After the footage was aired, Iranian media claiming a successful test launch – though it apparently showed the failed January launch. At the time, Iran was attempting to launch its new Khorramshahr medium-range ballistic missile for the first time. It flew 600 miles before exploding, in a failed test of a reentry vehicle, officials said at the time. The failed late January launch was first reported by Fox News and prompted the White House to put Iran “on notice” days later.
However, apparently news of the fake launch was not filtered by the US "intelligence" apparatus before it reached Trump who responded to the reported launch in a late-Saturday tweet, saying, “Iran just test-fired a Ballistic Missile capable of reaching Israel. They are also working with North Korea. Not much of an agreement we have!” Last week, speaking before world leaders at the United Nations, Trump slammed the Iranian regime and called the Iran nuclear deal an “embarrassment” to the United States.
“We cannot let a murderous regime continue these destabilizing activities while building dangerous missiles, and we cannot abide by an agreement if it provides cover for the eventual construction of a nuclear program,” he said. As reported previously, Trump later told reporters he had made up his mind about the deal, but he has yet to explain if that means the United States will be pulled out of the nuclear accord.

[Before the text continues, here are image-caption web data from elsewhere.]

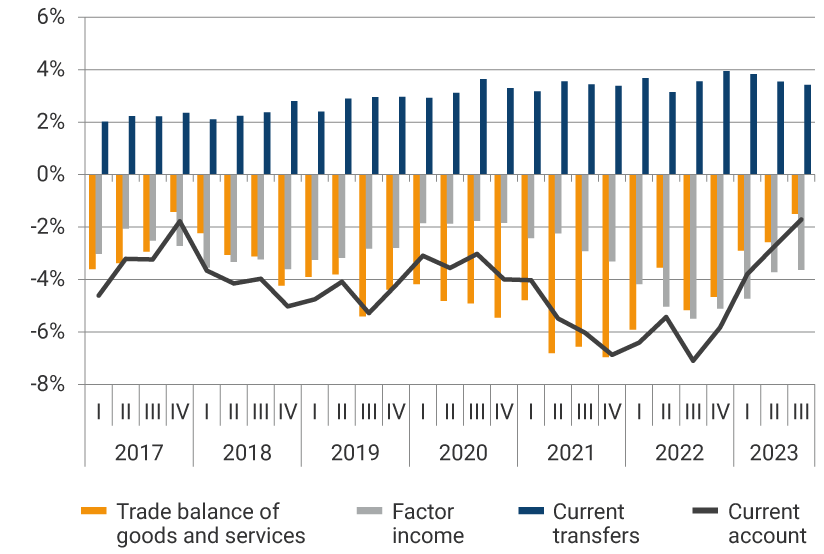 The graph shows the evolution of the trade balance, factor income, current transfers, and current account from 2017 to the first quarter of 2023. In 2021, the largest deficits in the trade balance were evident, with a deficit of -6.80% of GDP in the second quarter, -6.03% in the third quarter, and -6.88% in the last quarter. For the first quarter of 2023, the trade balance represented -2.95% of GDP, factor income -5.12%, current transfers accounted for 3.83%, and the current account stood at -4.23% of gross domestic product.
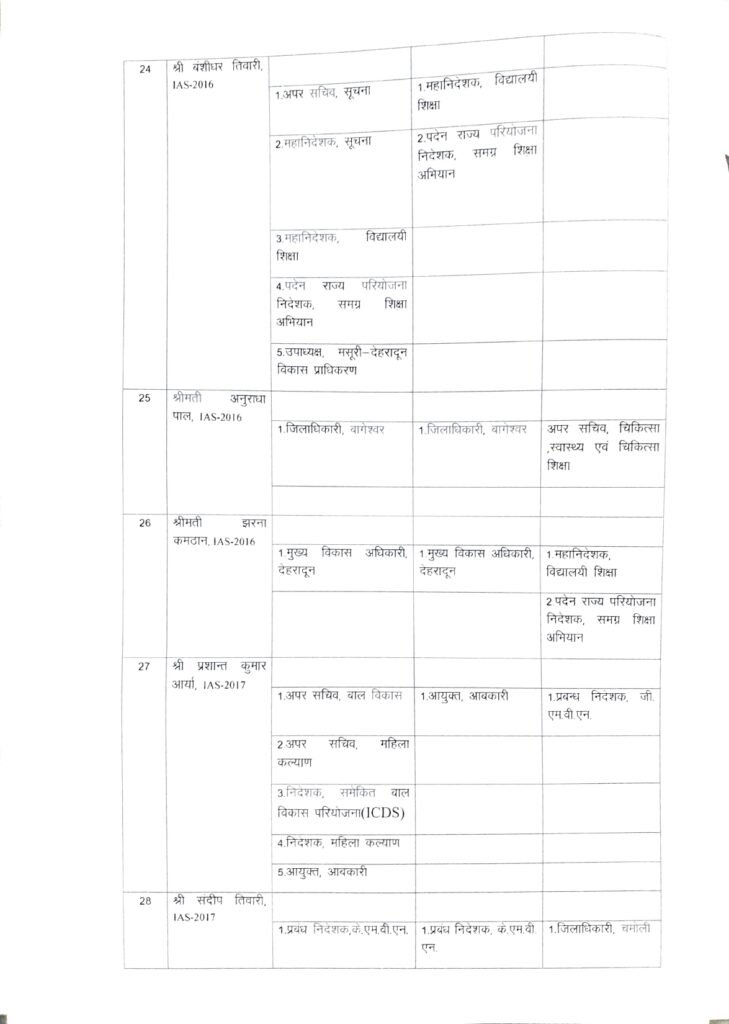 Uttarakhand IAS Transfer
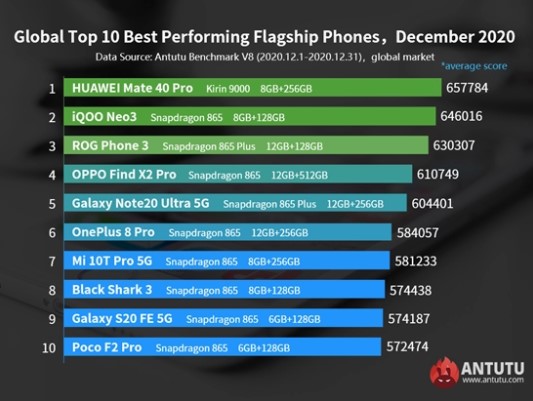 Глобальний рейтинг найбільш продуктивних Android-смартфонів грудня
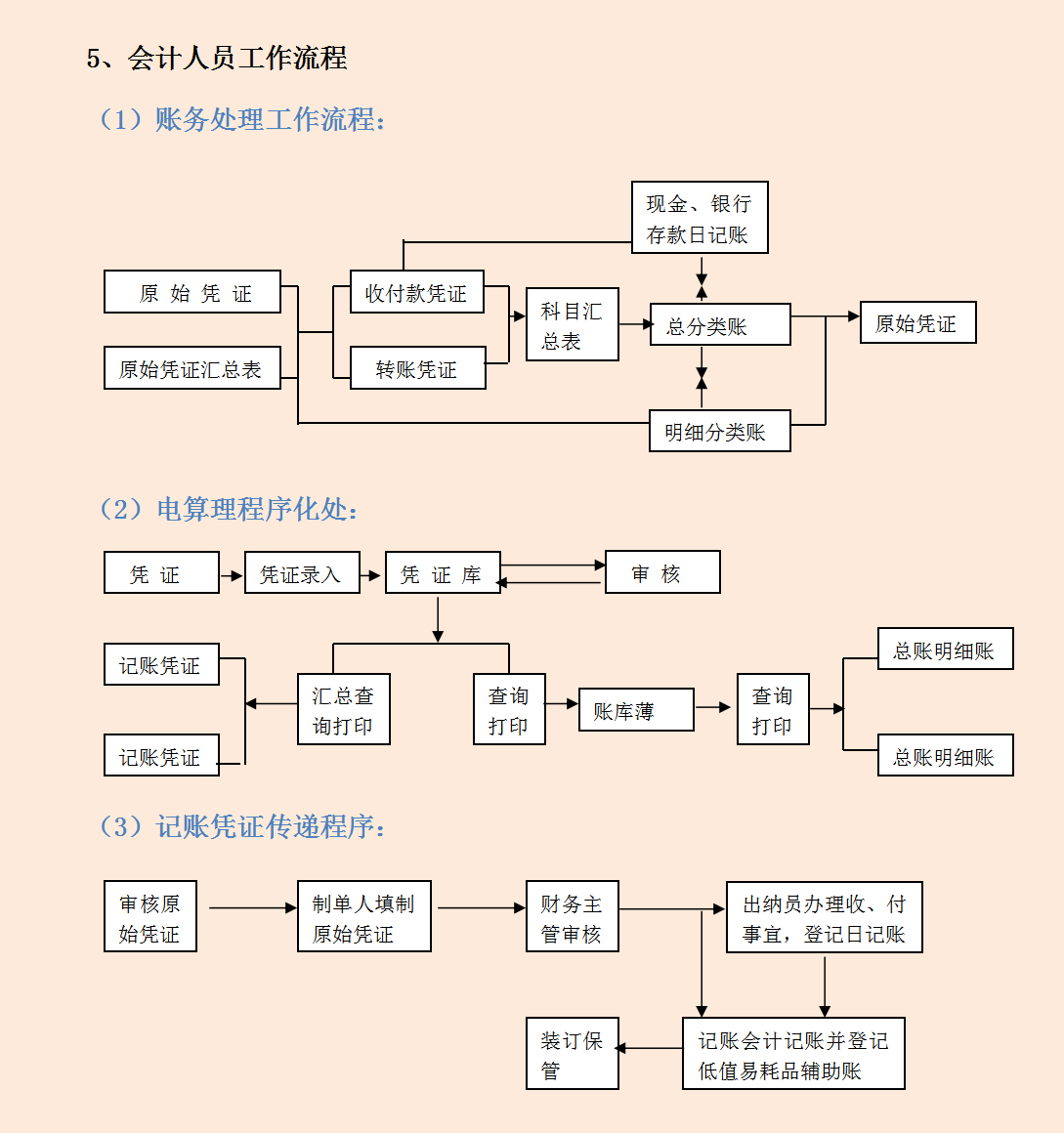 招聘财务人员,就是要会财务各岗位工作流程,不会的不要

Meanwhile, Iran's President Hassan Rouhani, speaking at the U.N. one day after Trump, claimed his country’s missile program was “solely defensive” in nature. “We never threaten anyone, but we do not tolerate threats from anyone,” he said. Rohani returned to Tehran two days later to preside over the missile parade featuring the new medium-range design and said his country would build as many missiles as necessary to defend itself.
Ironically, Iran’s new medium-range missile is based on a North Korean design—Pyongyang’s BM-25 Musudan ballistic missile, which has a maximum range of nearly 2,500 miles, putting U.S. forces in the Middle East and Israel within reach... assuming its problems have been fixed of course.
“The very first missiles we saw in Iran were simply copies of North Korean missiles,” missile proliferation expert at the Middlebury Institute of International Studies Jeffrey Lewis, told Fos News. “Over the years, we've seen photographs of North Korean and Iranian officials in each other's countries, and we've seen all kinds of common hardware.”
A senior Iranian general said last weekend that the missile had a range of less than 2,000 miles. "The Khoramshahr missile has a range of 2,000 kilometers [1,250 miles] and can carry multiple warheads," Iran’s official IRNA news agency quoted Revolutionary Guards aerospace chief General Amir Ali Hajizadeh as saying.
The missile “is capable of carrying multiple warheads,” Hajizadeh added.
“I am not sure why the Iranians are lying about the range,” one U.S. official said. “I think they don’t want to piss the Europeans off.”
While U.N. resolution 2231, put in place days after the Iran nuclear deal was signed, calls on the Islamic Republic not to conduct ballistic missile tests, but does not forbid them from doing so, after Russia and China insisted on the watered-down language in order to pass the resolution. Iran is "called upon not to undertake any activity related to ballistic missiles designed to be capable of delivering nuclear weapons, including launches using such ballistic missile technology," according to the text of the resolution.
Iran possesses the largest arsenal of ballistic missiles in the Middle East, with more than 1,000 short- and medium-range ballistic missiles. Tehran has conducted over 20 missile tests since 2015. Tehran claims the tests are legitimate because they are defensive in nature.